С: Я начинал с американского поп-панка — Sum 41, Blink-182. Благодаря им научился играть на гитаре. Потом стал изучать корни жанра и погрузился в панк и хардкор 80-х: Black Flag, Fugazi, Bad Religion.

Д: А я вообще слушала русский рэп. К ребятам попала как панк-барабанщица. Панк играть легко, поэтому особой музыкальной подготовки не требовалось.

Ваши треки наполнены атмосферностью и мрачными образами. Это отражение внутреннего состояния или осознанный художественный приём? Можно сказать, что вы мрачные люди?

С: Наверное, нельзя назвать нас мрачными людьми. Это скорее неосознанный выбор. Я вообще не очень верю, что творчеством можно заниматься на сто процентов осознанно: это всегда происходит наполовину подсознательно, наполовину в состоянии такого полутранса — полусознательно. Лично я не мрачный человек; я, скорее, по натуре меланхоличный. А тексты — это, опять же, попытка осмыслить то, что с нами происходило; то, что происходило в регионе; то, что происходило в нашей конкретной жизни. И это размышления о том, что такое человек и как устроена человеческая природа.

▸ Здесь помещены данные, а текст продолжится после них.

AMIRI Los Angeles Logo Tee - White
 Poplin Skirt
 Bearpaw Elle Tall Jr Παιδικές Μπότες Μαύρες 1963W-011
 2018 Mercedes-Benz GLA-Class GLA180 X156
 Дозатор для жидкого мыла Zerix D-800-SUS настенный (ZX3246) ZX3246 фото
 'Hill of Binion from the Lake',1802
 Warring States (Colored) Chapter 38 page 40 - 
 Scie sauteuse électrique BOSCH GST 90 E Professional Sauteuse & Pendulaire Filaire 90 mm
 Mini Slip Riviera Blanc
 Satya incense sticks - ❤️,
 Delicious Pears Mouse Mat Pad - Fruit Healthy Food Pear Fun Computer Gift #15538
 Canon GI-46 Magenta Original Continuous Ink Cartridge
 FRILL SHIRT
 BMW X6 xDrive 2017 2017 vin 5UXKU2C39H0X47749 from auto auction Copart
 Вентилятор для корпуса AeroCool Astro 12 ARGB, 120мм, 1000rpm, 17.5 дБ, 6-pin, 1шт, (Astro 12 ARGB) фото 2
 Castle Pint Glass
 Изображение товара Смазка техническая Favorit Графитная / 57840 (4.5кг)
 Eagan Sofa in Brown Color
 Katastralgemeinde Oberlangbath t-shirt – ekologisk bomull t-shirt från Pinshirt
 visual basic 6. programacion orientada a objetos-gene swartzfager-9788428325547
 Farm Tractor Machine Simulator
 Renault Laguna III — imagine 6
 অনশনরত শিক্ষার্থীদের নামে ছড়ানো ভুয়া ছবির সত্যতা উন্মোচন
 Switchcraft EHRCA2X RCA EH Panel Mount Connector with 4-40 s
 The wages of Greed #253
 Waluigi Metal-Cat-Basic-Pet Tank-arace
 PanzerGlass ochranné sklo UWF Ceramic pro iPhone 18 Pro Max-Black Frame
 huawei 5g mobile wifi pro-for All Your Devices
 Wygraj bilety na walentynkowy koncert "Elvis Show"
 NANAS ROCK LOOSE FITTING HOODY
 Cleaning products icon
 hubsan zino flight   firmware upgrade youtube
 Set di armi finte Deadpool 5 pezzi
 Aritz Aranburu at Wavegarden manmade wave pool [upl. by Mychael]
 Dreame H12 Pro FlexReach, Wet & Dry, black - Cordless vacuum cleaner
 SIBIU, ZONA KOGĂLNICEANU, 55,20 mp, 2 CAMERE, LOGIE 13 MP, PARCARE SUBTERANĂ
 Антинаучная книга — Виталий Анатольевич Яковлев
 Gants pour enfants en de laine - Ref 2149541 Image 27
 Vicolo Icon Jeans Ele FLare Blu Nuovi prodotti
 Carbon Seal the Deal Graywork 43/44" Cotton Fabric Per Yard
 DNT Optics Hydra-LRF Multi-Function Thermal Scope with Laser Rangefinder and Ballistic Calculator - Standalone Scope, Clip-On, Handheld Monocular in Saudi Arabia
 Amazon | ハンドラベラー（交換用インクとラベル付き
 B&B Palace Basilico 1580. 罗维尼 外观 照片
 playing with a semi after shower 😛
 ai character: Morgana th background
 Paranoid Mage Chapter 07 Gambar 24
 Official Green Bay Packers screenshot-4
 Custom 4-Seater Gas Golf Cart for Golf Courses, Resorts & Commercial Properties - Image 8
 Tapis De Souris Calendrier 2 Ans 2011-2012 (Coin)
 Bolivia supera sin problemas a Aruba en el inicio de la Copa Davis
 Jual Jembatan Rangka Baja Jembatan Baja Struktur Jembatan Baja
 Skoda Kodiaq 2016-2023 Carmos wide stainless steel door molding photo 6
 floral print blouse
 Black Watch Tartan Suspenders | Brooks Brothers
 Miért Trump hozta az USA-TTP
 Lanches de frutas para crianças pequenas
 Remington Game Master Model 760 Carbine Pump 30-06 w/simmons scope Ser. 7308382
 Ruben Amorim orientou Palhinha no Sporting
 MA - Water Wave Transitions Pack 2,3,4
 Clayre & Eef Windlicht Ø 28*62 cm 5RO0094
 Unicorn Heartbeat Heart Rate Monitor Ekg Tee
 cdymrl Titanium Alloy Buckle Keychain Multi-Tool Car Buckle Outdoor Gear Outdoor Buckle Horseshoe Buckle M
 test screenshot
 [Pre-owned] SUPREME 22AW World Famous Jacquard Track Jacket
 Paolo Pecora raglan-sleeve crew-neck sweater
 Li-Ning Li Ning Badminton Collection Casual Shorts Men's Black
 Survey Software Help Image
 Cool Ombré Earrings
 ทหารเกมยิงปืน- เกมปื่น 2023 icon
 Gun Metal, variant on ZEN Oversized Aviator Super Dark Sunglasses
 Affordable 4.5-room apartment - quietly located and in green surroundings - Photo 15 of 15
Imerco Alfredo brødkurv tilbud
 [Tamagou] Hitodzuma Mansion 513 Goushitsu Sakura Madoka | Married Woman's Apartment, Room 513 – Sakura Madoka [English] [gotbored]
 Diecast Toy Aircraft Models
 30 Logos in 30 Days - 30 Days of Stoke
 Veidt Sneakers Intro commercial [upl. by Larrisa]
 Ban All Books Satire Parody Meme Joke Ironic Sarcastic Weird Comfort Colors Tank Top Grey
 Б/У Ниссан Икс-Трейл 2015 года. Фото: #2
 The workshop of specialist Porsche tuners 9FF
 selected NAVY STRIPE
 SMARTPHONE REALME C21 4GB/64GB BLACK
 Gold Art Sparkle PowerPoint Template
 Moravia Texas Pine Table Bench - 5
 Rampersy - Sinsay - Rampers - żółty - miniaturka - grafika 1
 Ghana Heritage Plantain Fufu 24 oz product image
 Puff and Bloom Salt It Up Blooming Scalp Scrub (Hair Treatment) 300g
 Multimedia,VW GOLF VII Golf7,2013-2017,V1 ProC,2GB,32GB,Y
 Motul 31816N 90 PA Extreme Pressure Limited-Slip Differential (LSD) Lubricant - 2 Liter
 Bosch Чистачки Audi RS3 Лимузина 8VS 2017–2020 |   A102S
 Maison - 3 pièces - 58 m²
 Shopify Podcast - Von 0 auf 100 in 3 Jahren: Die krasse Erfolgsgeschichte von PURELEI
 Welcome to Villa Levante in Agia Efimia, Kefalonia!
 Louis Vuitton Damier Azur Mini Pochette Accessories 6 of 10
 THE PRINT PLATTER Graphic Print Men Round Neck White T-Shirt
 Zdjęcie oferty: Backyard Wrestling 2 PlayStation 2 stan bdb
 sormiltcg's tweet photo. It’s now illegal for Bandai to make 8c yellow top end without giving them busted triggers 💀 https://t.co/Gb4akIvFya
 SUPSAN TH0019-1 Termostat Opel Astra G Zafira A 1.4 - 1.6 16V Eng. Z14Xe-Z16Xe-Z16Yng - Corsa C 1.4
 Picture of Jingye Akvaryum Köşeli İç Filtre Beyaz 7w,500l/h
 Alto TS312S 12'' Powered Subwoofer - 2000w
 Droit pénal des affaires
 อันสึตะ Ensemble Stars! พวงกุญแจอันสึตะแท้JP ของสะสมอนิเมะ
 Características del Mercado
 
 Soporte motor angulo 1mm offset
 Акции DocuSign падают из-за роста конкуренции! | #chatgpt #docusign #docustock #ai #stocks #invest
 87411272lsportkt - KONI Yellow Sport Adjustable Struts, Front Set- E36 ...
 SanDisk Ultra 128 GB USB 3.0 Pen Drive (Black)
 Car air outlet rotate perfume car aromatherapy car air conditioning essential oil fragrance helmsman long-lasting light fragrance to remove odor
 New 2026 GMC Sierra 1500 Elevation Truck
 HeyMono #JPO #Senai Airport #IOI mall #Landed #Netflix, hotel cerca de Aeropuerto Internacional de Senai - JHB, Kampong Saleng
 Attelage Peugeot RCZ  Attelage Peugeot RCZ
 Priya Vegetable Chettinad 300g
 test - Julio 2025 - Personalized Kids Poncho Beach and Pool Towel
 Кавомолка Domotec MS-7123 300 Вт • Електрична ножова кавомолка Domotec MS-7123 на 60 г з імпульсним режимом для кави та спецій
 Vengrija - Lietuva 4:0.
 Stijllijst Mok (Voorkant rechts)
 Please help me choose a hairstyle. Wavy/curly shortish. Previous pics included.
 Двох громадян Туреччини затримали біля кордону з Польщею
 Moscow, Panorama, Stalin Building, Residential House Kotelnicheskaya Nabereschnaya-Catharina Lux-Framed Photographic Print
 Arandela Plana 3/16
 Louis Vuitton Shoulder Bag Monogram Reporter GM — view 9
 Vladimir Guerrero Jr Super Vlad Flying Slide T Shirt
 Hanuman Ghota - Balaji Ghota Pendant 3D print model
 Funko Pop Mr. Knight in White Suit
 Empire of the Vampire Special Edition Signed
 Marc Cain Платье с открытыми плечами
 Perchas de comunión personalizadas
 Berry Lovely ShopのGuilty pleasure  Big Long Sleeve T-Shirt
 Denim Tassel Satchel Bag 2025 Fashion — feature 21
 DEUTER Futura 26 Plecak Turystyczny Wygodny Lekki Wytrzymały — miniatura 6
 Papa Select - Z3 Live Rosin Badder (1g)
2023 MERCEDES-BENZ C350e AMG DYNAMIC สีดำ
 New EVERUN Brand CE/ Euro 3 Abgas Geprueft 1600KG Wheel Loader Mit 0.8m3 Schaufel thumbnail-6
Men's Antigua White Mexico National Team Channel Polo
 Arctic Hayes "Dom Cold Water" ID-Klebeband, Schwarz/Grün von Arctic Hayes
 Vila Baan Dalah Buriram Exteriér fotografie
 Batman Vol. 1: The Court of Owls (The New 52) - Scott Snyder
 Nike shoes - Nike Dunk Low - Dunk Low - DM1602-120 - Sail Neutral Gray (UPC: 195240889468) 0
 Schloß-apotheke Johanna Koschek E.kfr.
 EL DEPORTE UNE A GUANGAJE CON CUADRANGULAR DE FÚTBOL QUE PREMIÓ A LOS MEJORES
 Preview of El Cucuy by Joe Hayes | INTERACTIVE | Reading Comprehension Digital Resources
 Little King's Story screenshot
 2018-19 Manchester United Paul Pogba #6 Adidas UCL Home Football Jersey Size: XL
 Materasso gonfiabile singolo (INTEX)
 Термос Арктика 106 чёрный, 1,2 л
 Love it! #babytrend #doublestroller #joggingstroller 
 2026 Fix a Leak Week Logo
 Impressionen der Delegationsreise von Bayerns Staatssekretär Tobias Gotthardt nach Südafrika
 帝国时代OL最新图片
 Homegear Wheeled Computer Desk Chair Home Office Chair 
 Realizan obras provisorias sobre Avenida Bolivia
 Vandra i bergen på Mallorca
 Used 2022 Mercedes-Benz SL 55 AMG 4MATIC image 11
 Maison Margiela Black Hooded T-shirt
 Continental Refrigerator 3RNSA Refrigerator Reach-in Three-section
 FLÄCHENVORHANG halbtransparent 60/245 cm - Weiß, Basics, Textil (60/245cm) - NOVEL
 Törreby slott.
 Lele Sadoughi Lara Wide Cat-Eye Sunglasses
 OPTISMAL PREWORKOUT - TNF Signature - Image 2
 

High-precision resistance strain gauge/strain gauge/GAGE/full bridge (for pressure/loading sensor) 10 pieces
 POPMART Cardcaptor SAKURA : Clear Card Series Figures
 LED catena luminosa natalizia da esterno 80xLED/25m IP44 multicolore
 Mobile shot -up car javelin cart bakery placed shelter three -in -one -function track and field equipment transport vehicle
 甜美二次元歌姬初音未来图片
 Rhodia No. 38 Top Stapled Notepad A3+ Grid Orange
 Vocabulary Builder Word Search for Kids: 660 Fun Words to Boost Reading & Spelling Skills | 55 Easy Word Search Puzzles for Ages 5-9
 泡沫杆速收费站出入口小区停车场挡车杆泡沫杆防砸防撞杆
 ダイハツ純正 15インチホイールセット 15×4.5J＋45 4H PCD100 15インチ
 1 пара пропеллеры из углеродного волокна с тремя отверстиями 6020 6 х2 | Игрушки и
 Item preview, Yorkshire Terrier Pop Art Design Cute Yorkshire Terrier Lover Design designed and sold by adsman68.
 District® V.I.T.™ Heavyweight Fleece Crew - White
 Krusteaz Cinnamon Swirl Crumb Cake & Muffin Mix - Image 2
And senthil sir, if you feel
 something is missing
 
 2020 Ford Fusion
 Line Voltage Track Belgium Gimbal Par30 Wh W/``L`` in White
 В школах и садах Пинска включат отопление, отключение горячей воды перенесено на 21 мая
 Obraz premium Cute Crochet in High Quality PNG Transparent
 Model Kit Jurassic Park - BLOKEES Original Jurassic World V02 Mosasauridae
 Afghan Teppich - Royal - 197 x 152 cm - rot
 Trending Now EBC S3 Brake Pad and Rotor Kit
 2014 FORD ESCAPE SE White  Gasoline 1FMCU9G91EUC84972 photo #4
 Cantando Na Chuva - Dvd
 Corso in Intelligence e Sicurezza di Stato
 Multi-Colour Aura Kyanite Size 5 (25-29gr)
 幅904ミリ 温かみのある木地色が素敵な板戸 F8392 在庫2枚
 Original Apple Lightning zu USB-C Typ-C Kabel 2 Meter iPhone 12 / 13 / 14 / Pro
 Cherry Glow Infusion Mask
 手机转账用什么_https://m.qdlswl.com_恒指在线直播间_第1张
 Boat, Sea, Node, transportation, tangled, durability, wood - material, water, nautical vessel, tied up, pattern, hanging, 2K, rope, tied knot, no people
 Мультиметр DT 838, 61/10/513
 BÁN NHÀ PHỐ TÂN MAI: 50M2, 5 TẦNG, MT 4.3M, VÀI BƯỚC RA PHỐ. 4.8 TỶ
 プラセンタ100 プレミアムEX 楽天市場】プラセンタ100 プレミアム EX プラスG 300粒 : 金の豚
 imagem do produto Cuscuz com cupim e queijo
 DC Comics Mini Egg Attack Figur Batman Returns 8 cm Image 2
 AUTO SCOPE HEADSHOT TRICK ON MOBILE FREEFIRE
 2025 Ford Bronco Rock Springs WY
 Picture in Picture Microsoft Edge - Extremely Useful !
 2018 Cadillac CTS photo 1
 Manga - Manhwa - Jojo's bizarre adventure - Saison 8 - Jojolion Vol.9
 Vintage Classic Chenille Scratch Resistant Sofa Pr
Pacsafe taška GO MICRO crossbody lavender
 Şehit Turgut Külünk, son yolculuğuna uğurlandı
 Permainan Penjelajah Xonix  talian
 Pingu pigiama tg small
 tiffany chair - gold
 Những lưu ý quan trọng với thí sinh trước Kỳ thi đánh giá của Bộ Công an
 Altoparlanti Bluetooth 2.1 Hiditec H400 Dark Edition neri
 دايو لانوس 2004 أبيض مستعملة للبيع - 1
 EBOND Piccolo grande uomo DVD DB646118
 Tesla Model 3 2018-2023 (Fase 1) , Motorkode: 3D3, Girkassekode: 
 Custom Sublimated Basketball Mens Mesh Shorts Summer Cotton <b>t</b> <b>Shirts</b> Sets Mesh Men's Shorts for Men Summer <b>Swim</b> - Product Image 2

Ст: Расскажу-ка насчёт «мрачности» одну вполне взаимосвязанную историю. Ещё до того, как я познакомился с Сергеем, у него был музыкальный проект, и к нему — инстаграм-аккаунт с картинками. Я, живя здесь, на него был подписан и время от времени видел сторис, которые там выходили. И у меня почему-то возникло какое-то подсознательное (ну, ладно — не подсознательное, а вполне конкретное) ощущение, связанное с этими картинками. В какой-то момент я вижу в сторис фото из окна автобуса — и по пейзажу понимаю, что это мой район в Варшаве, где я живу. Следом — следующая сторис: какое-то помещение, на стенах плитка, непонятно, что это за место. И ещё до того, как мы познакомились, мне вдруг показалось, что Сергей работает в психиатрической больнице рядом с моим домом. Я решил, что фото — оттуда: сначала пейзаж буквально напротив моего дома, потом это странное помещение с плиткой. Я подумал: «Ага, вот он, мрачняк». А потом оказалось, что это была просто кухня.

М: Я бы мог добавить, что полностью присоединяюсь к ребятам: мы точно не мрачные люди. На концерте, понятно, в рамках какого-то сценического образа может сложиться такое впечатление. Но когда мы просто стоим у бара или уже под сценой, мы — обычные: иногда весёлые, иногда, признаю, душные.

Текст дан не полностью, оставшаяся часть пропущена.